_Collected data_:
- - -

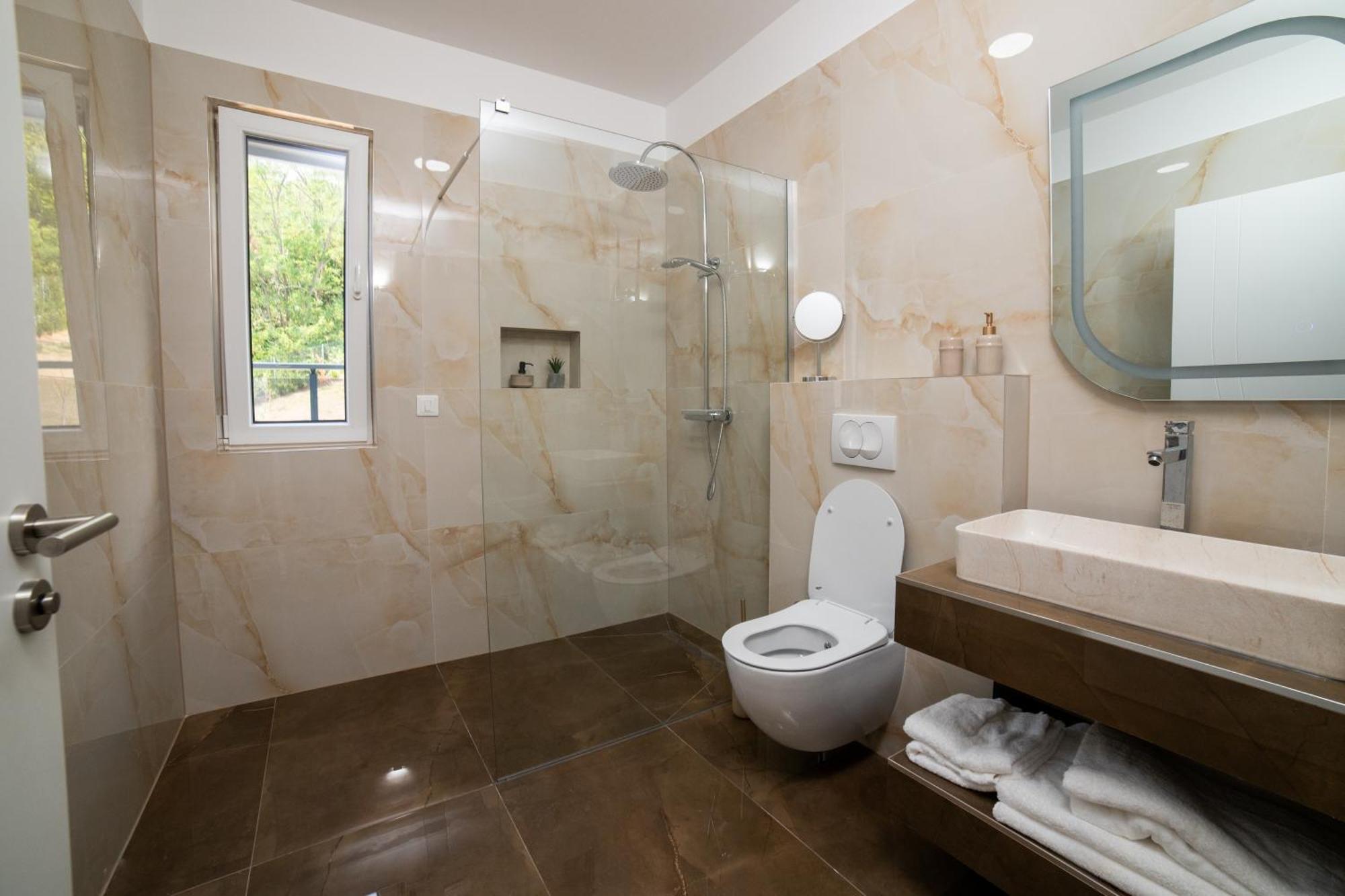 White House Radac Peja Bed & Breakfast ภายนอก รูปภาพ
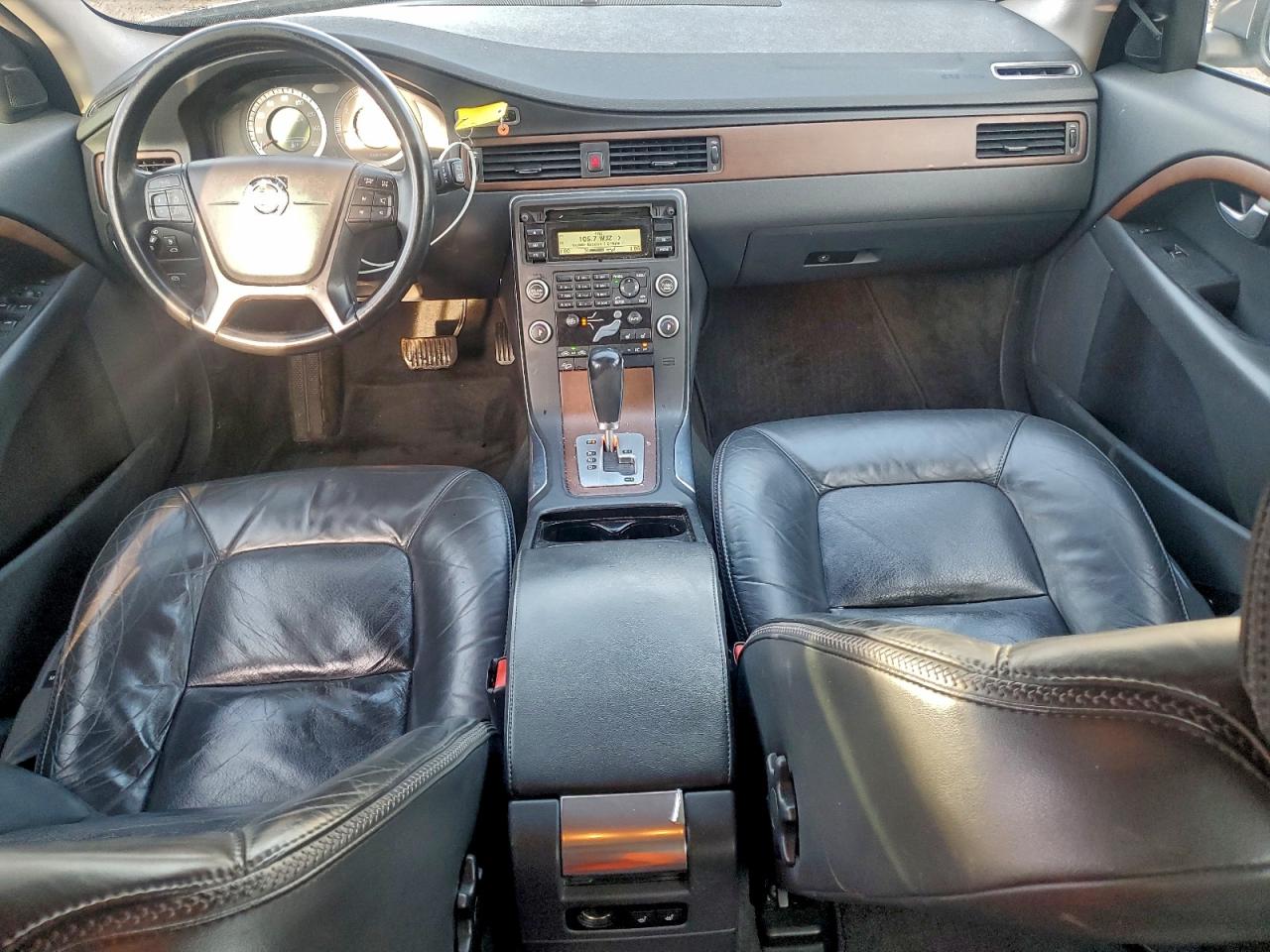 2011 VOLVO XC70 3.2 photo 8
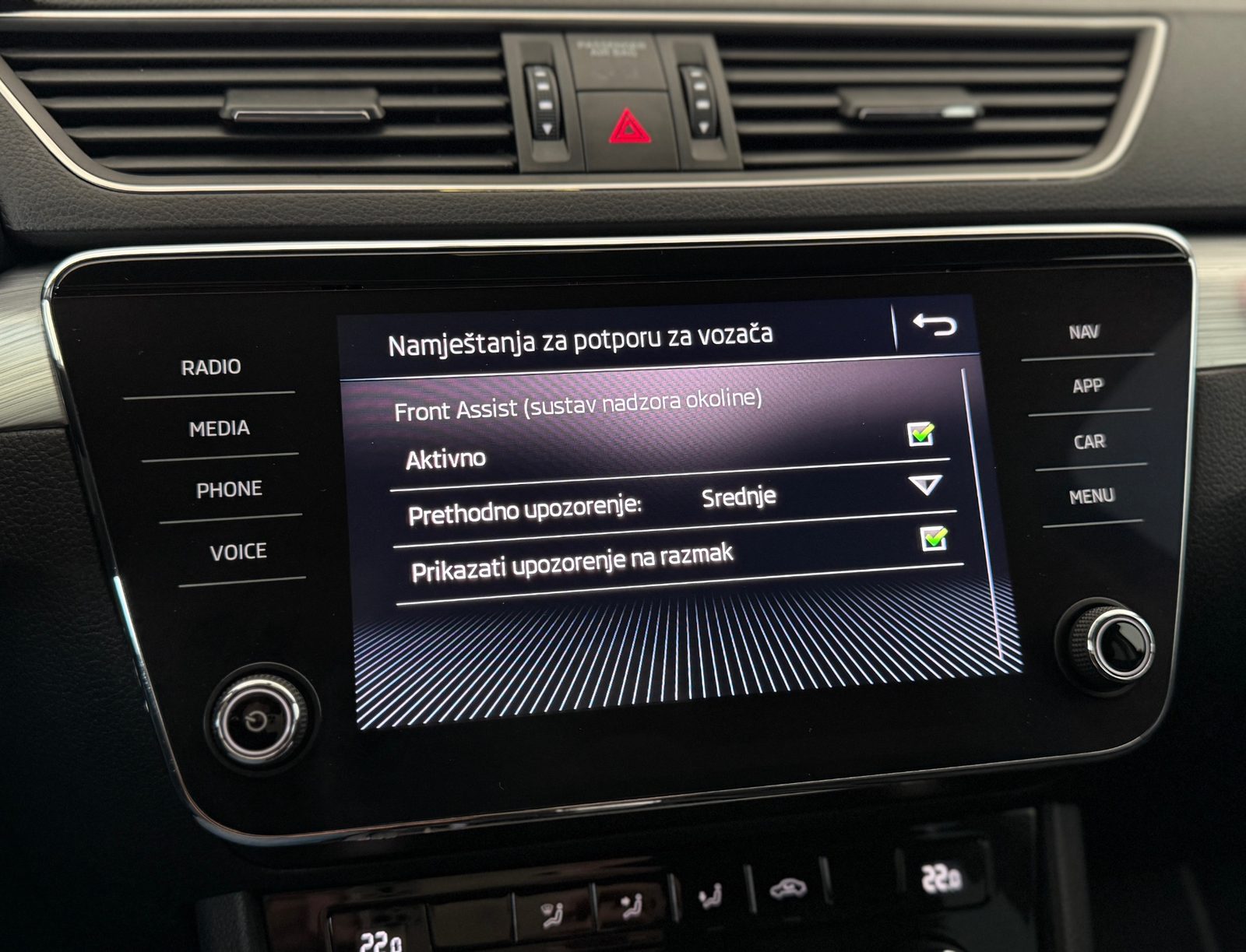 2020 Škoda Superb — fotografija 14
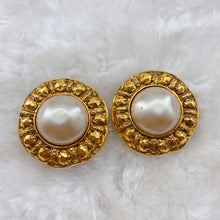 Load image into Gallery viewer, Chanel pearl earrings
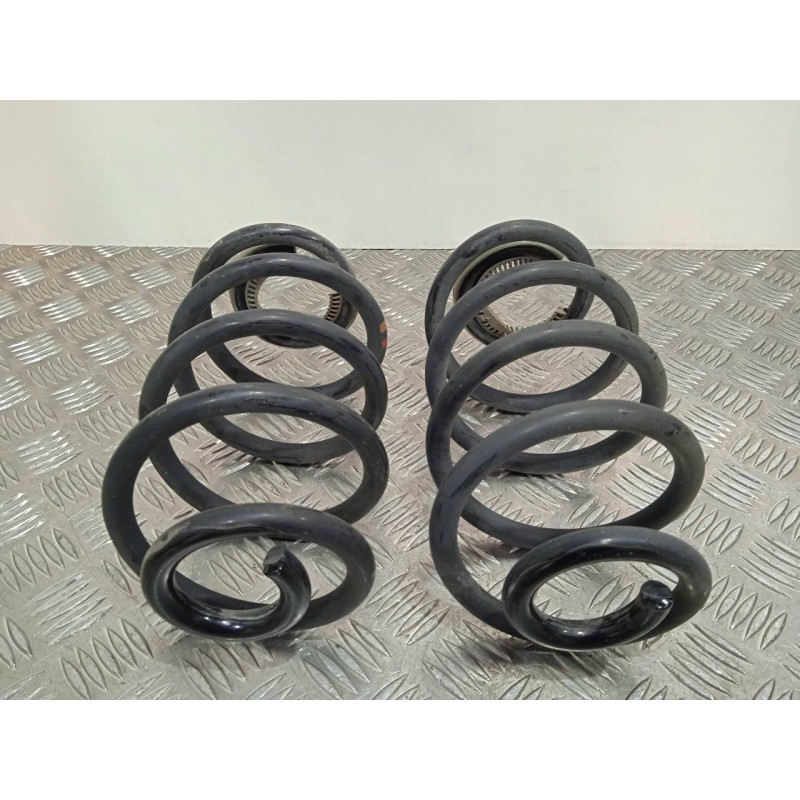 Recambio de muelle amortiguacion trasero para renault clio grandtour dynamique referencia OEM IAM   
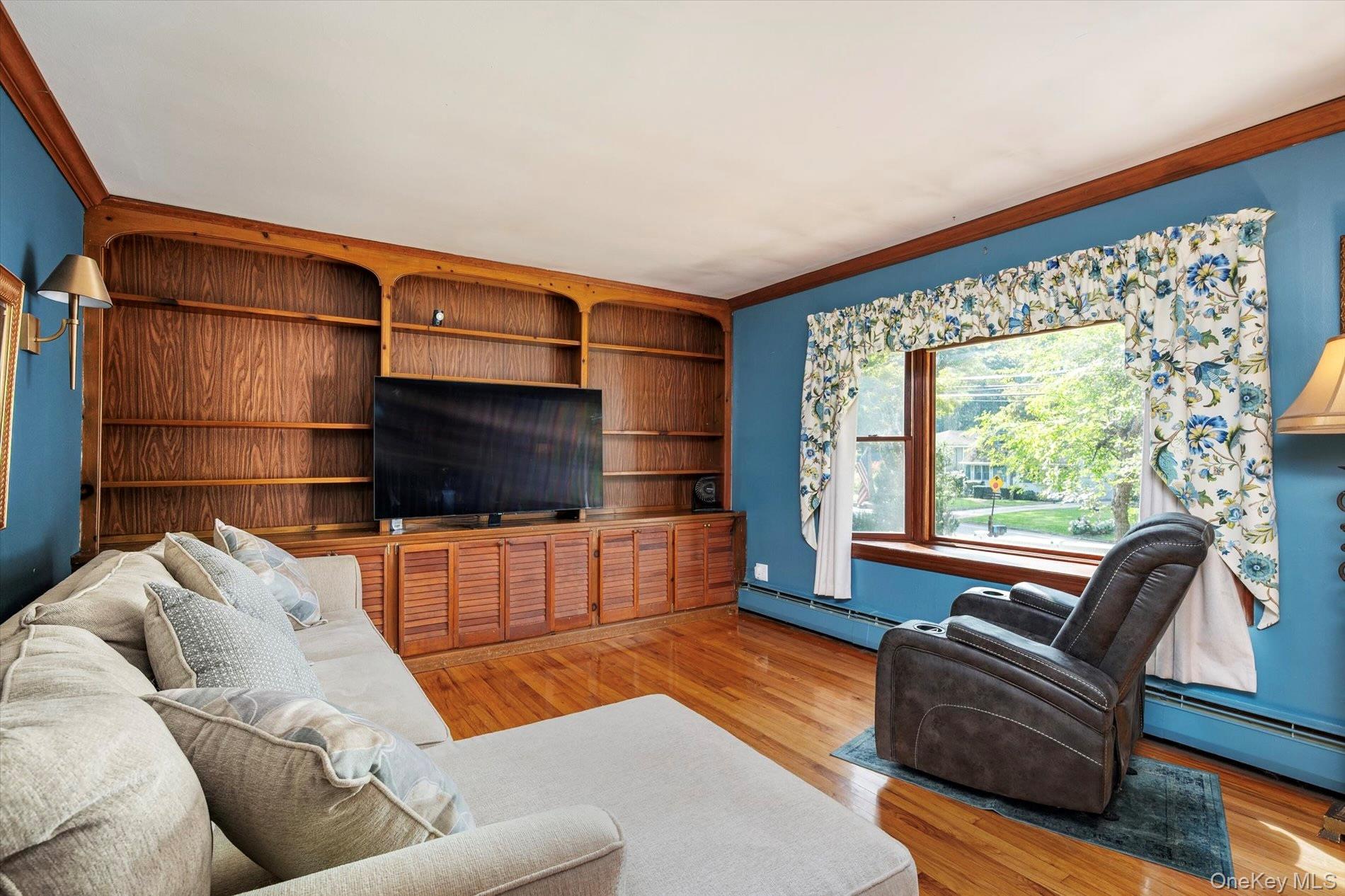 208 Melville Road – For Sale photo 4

- - -

_REQUIRED ACTION_: Reproduce every entry above in full and exactly, though not its pictures.

_RESPONSE BELOW_:
 White House Radac Peja Bed & Breakfast ภายนอก รูปภาพ
 2011 VOLVO XC70 3.2 photo 8
 2020 Škoda Superb — fotografija 14
 Load image into Gallery viewer, Chanel pearl earrings
 Recambio de muelle amortiguacion trasero para renault clio grandtour dynamique referencia OEM IAM   
 208 Melville Road – For Sale photo 4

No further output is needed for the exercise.